There are many. If one is to give a rough summary of the types of beggars who proliferate in the cramped area that includes the higher regions of Darlinghurst Road down to the halfway mark of Macleay Street – the main drag of the Cross – then the most common are the temporary beggars who, grimacing with severe hangovers, crop up of a Sunday or on Monday mornings wanting money for extra drinks or just enough money to flee back home from their disastrous weekend. Then there are the importune men who hover around the railway station pleading for money to buy a train ticket. Their familiar cry is for ‘spare change', or a small but uncommon amount like forty cents, in the hope that the impatient commuter will palm them a fifty cent coin or dollar just to get rid of them.
Before the recent transformation of Kings Cross, they would succeed more often than now, because the professionals and yuppies who have since shifted into the area, and who flood into the station of a morning or exit of an evening, have no time for these dishevelled losers. Strangely, these city workers often give money to a scruffy man waiting outside the entrance to the station. This is Ed, who is a go-between for junkies who have arranged to meet a bearded man with a silky terrier who will take them to a drug dealer down the street. Women especially take pity on the unkempt tiny dog he always carries and give Ed money without him even asking for it.
There are the severe alcoholics, of course, who need just enough change to dash off to the hardware shop to buy their metho. They slump in alcoves or on the doorsteps of apartment blocks and shops, their faces looking like giant bruises, holding out trembling hands to ask for money, giving a hideously bad performance as someone who needs enough to get back a train to the most distant suburb they can think of. Except for one, who haunts the doorstep of a friend of mine and who begs for spare change with an accent that would not be out of place with an actor playing an aristocrat in English repertory; most do not stay long. They either die or vanish into a drying-out facility with disturbing frequency.
Then there are the crazies. The last twenty or so years have seen a growing influx of madmen into the area. Thrown out of asylums because of government cutbacks and society indifference, they wander through the streets muttering to themselves, cursing God, or suddenly loom in front of you with wild grins demanding money – sometimes ridiculous amounts, like the schizophrenic young man with a wild black beard who demands ten dollars, with the implied threat of violence if he's not given it. You can tell where he is by the parting of a crowd as he's given a wide berth by passers-by.
The worst are the ice addicts. If there is a common topic of conversation amongst long-standing Cross residents discussing drugs, it's that heroin addicts are excellent people to deal with compared to ice addicts who are aggressive and unpredictable. I have been physically attacked a couple of times by agitated men at the mercy of the chemical. They make the worst beggars because by the time they get up enough courage to beg they are simmering with hostility, having been up for two or three days without sleep, and any knock-back they get is an affront to their self-esteem. They yell and hurl abuse at the frightened man or woman whom a few seconds ago they were addressing with a brittle charm that barely concealed their impulse to attack them.

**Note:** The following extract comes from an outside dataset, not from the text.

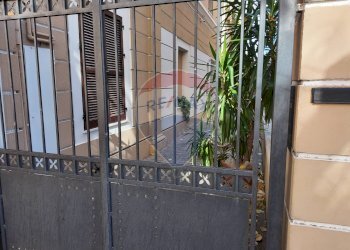 Balcone - Locale Commerciale viale vittoria colonna, Pescara - foto 17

Perhaps the most unlucky beggar is a deaf man in his thirties. He holds out a piece of paper the size of a business card that says he cannot talk and could we give him money? If he is hoping for sympathy, he doesn't get it. There is something about his practised mime (wide eyes, much pointing) that gives people the impression he's a fake. As he walks off, after another unsuccessful attempt at cadging for money, people frequently yell after him a warning like ‘Look out!' in an attempt to prove he can hear, but he moves on, deaf to their cries and their knowing laughter.